Alternativa C — ✅ Correta ⟵ GABARITO
A alternativa afirma que os recursos decorrentes da alienação antecipada de bens, direitos e valores oriundos do crime de tráfico ilícito de drogas e que tenham sido objeto de dissimulação e ocultação nos termos da Lei nº 9.613/1998 permanecem submetidos à disciplina definida em lei específica. Isso está correto: a Lei nº 11.343/2006 (Lei de Drogas) tem disciplina própria para a alienação antecipada de bens oriundos do tráfico, que prevalece sobre a regra geral da Lei de Lavagem de Dinheiro. O art. 61 da Lei de Drogas prevê a alienação antecipada de bens apreendidos, com procedimento específico. A alternativa reconhece essa prevalência da lei específica, o que está em conformidade com o princípio da especialidade.
Alternativa D — ❌ Incorreta
A alternativa afirma que o processo e julgamento do crime praticado por Francisco deverá obedecer ao rito especial previsto na Lei nº 9.613/1998. O erro está na expressão "rito especial": a Lei nº 9.613/1998, em seu art. 2º, I, estabelece que o processo e julgamento dos crimes previstos na lei obedecem às disposições relativas ao procedimento comum dos crimes punidos com reclusão, da competência do juiz singular. Não há um rito especial criado pela lei de lavagem; o que há é a aplicação do procedimento comum, com algumas peculiaridades, como a independência em relação ao processo da infração antecedente. A alternativa confunde a existência de regras específicas com a criação de um rito processual próprio.

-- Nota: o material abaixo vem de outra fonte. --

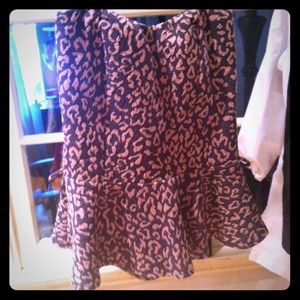 Strapless top, pink amd gray cheetah print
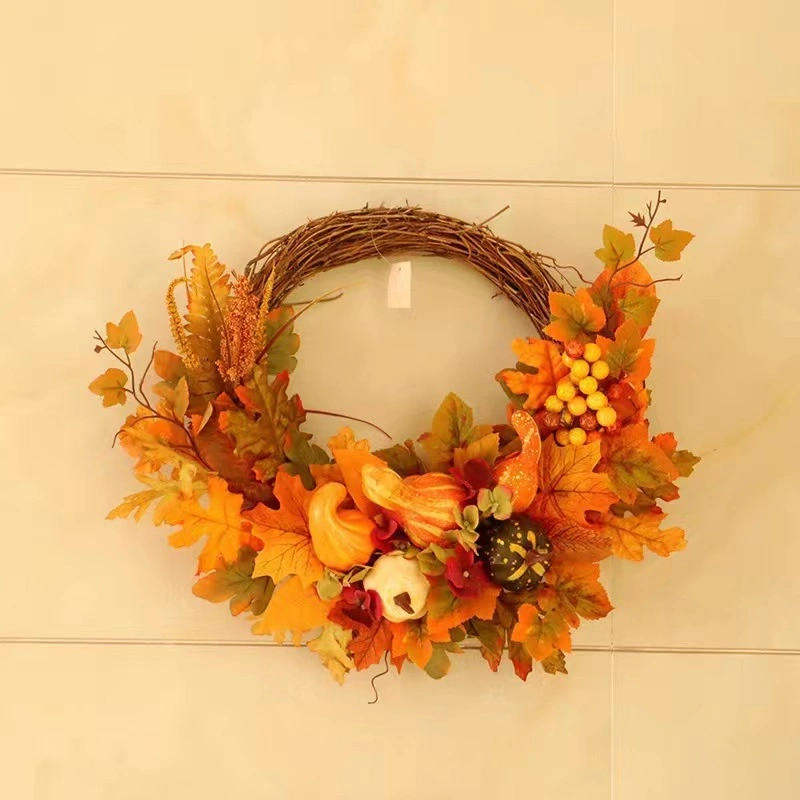 How Selling Harvest Halloween Yellow Maple Leaves Autumn Wreath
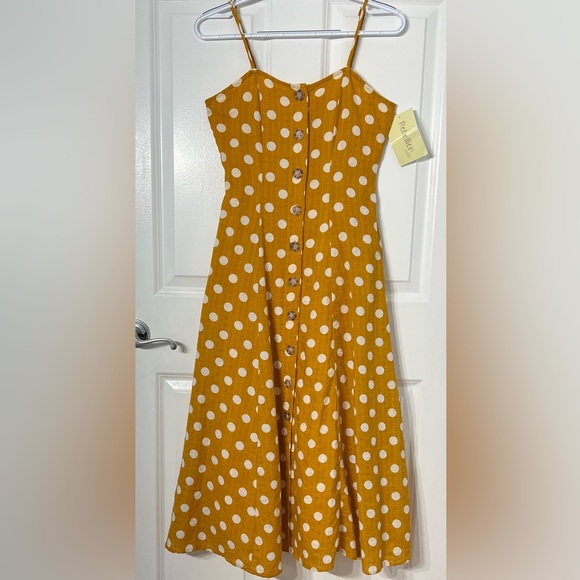 REBELLION AGAIN Mustard Yellow White
Polka Dot Print Button Midi A-Line Dress / - Picture 2 of 14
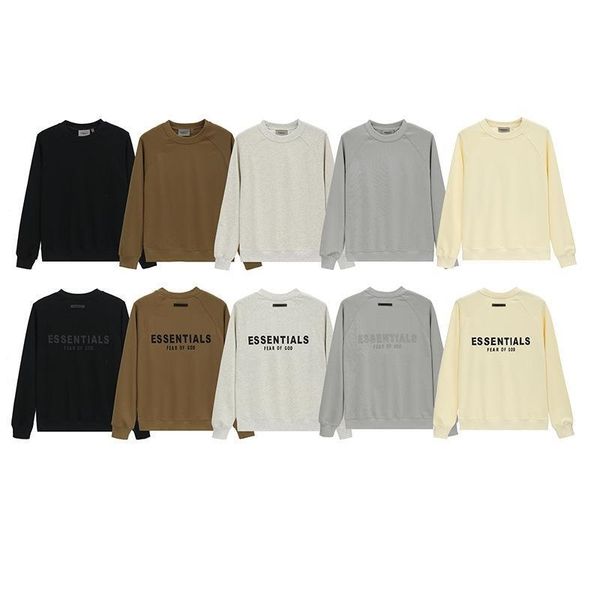 

fog essentials bear of god season 7 thread double row rubber pressed letter round neck sweater for men and women, Black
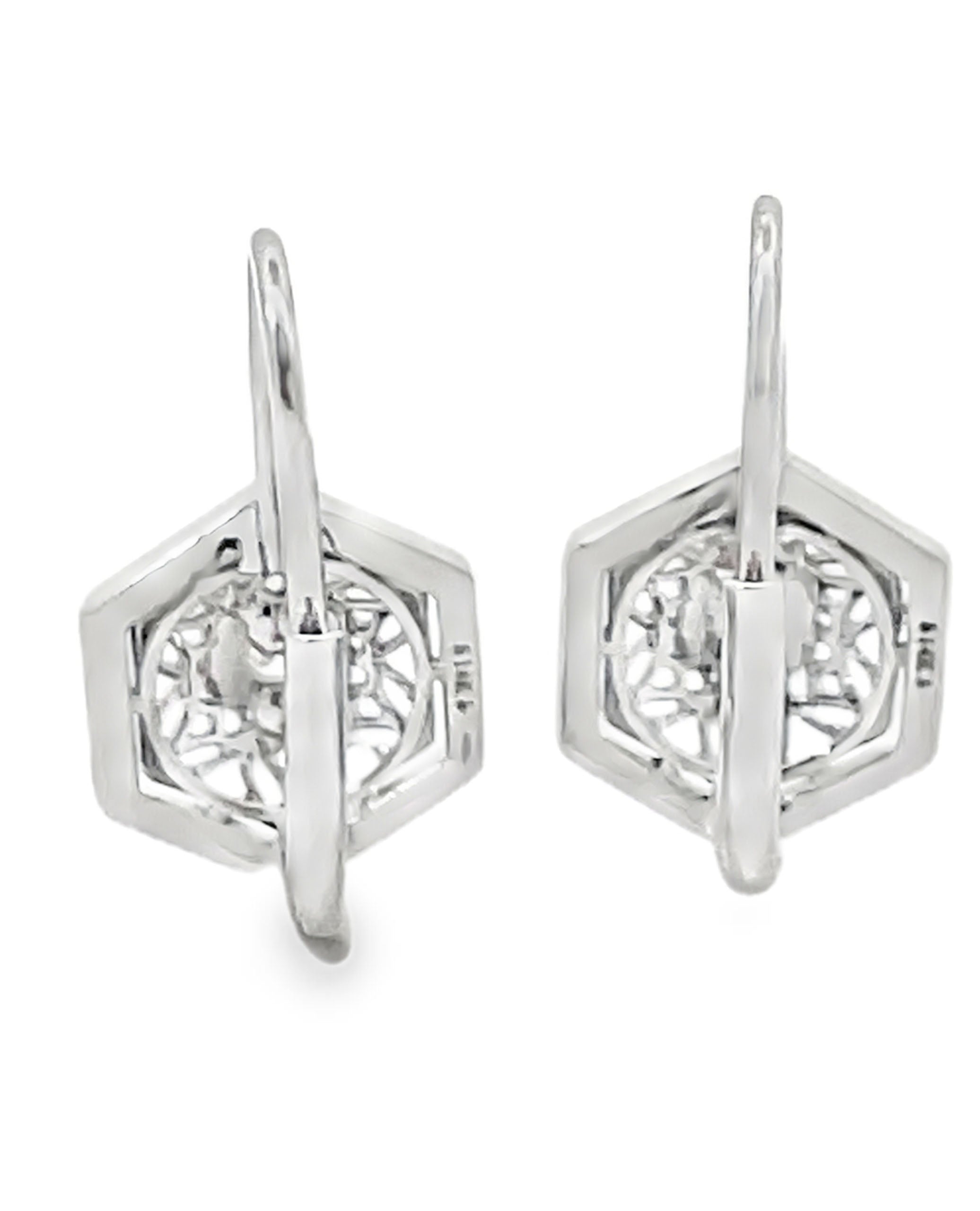 14K White Gold Antique Inspired Diamond Drop Earrings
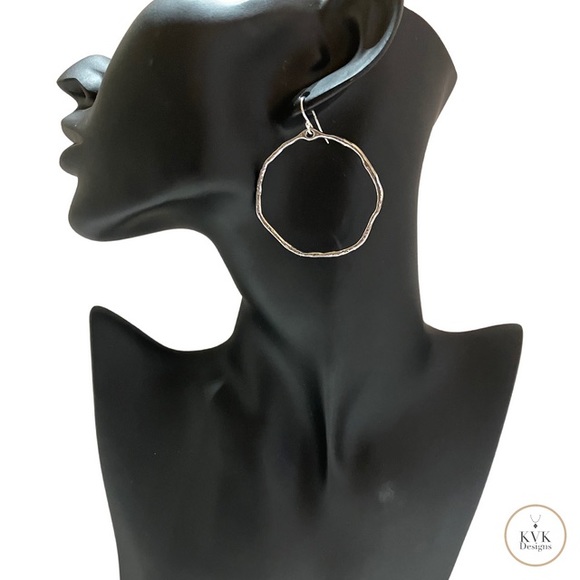 SILVER HAMMERED HOOP EARRINGS, BOHO EARRINGS - Picture 2 of 6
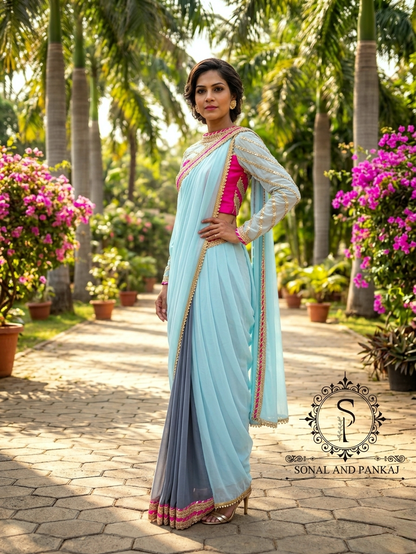 Beautiful Designer Blouse With Ready To Drape Cowl Saree - SA01713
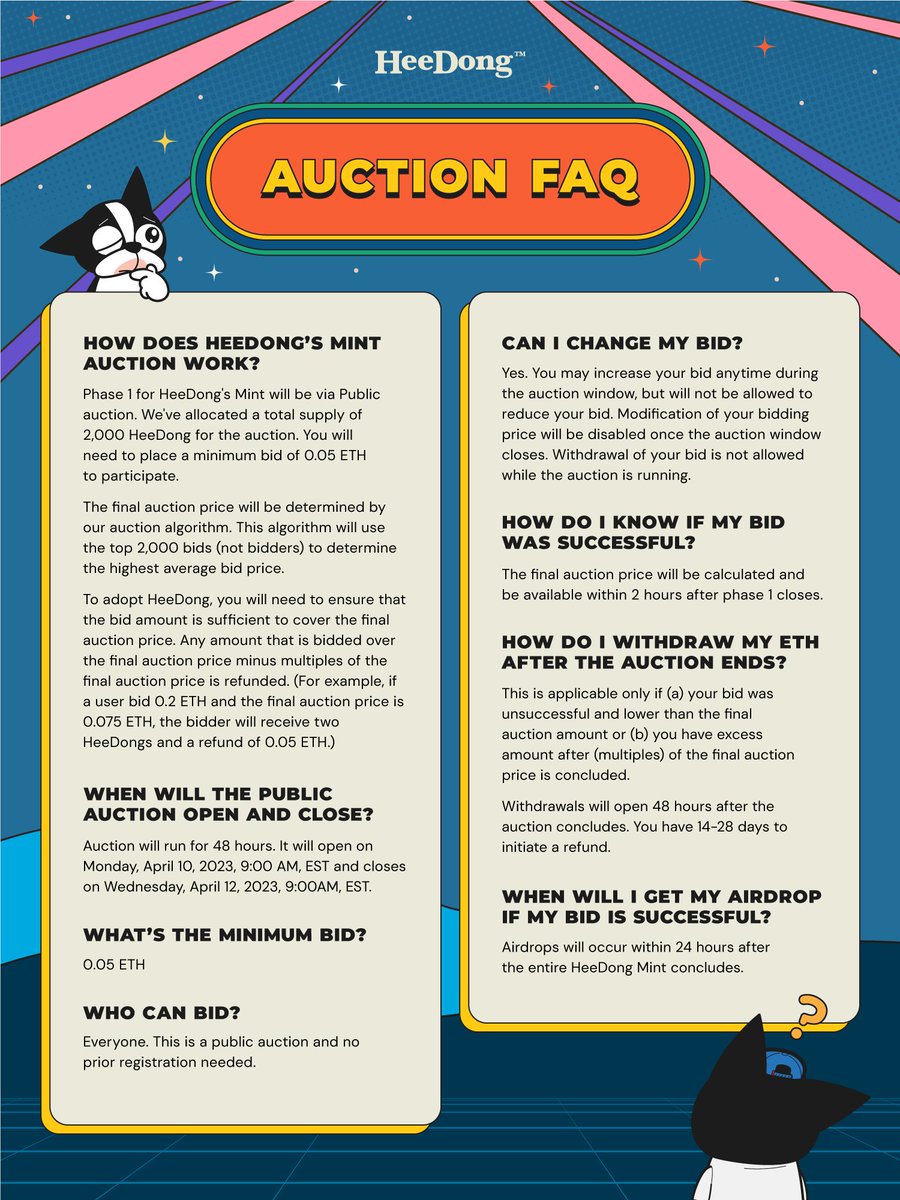 BBRCOFFICIAL's tweet photo. Hey HeeDong Pawrents! 🎉 

⏰Get ready to adopt HeeDong on April 10th, 9am EST! 
Check our HeeDong Auction FAQs to bid like a pro🏆

Join our Mint AMA happening soon at 11am EST! 🔥
https://t.co/fs6lq6Ss1F https://t.co/T76MkM8W9P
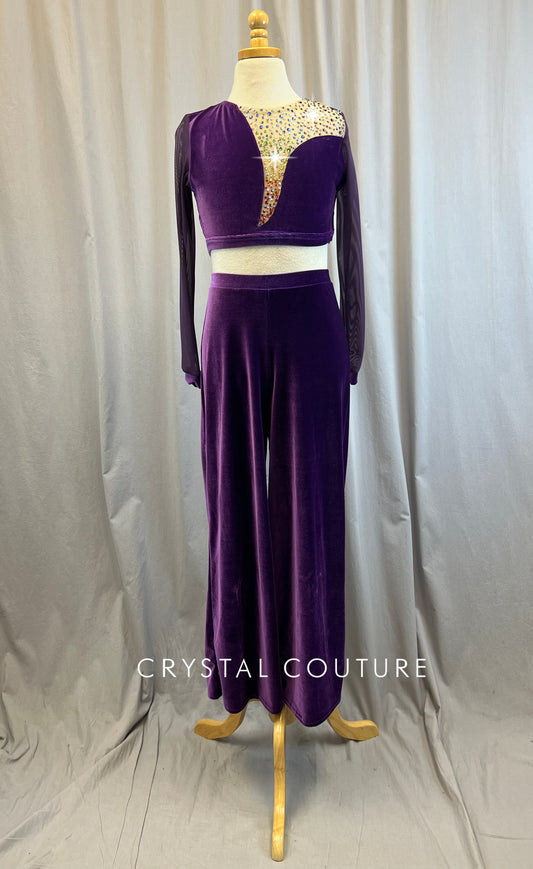 Custom Purple Velvet Rainbow Long Sleeve Crop and Pant Set -Rhinestones, Hairpiece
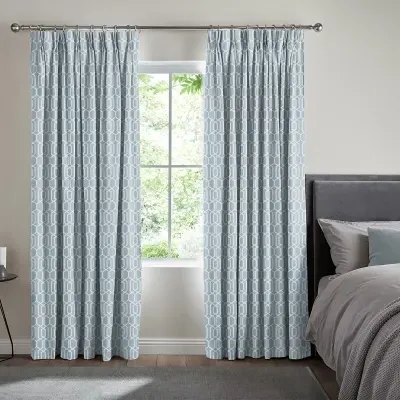 Robben Curtain with Geometric Pattern - Duckegg, Polyester image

Alternativa E — ❌ Incorreta
A alternativa afirma que a denúncia apresentada pelo Ministério Público Federal deverá ser instruída com indícios suficientes da infração penal antecedente, mas o crime em tese praticado por Francisco não será punível diante da extinção da punibilidade de Roberto, autor da infração penal antecedente. O erro está na segunda parte: a Lei nº 9.613/1998, em seu art. 2º, § 1º, estabelece que os fatos previstos na lei são puníveis ainda que desconhecido ou isento de pena o autor, ou extinta a punibilidade da infração penal antecedente. A morte de Roberto, que extingue sua punibilidade (art. 107, I, do Código Penal), não impede a punição de Francisco pelo crime de lavagem. A alternativa inverte a regra da autonomia entre o crime de lavagem e a infração antecedente.
A regra de ouro para a prova: a lavagem de dinheiro é autônoma em relação à infração antecedente — a extinção da punibilidade do autor do crime antecedente não impede a punição do lavador. E, quanto aos recursos contra medidas assecuratórias, lembre-se: efeito devolutivo, nunca suspensivo. Para bens oriundos do tráfico, a Lei de Drogas tem disciplina própria que prevalece.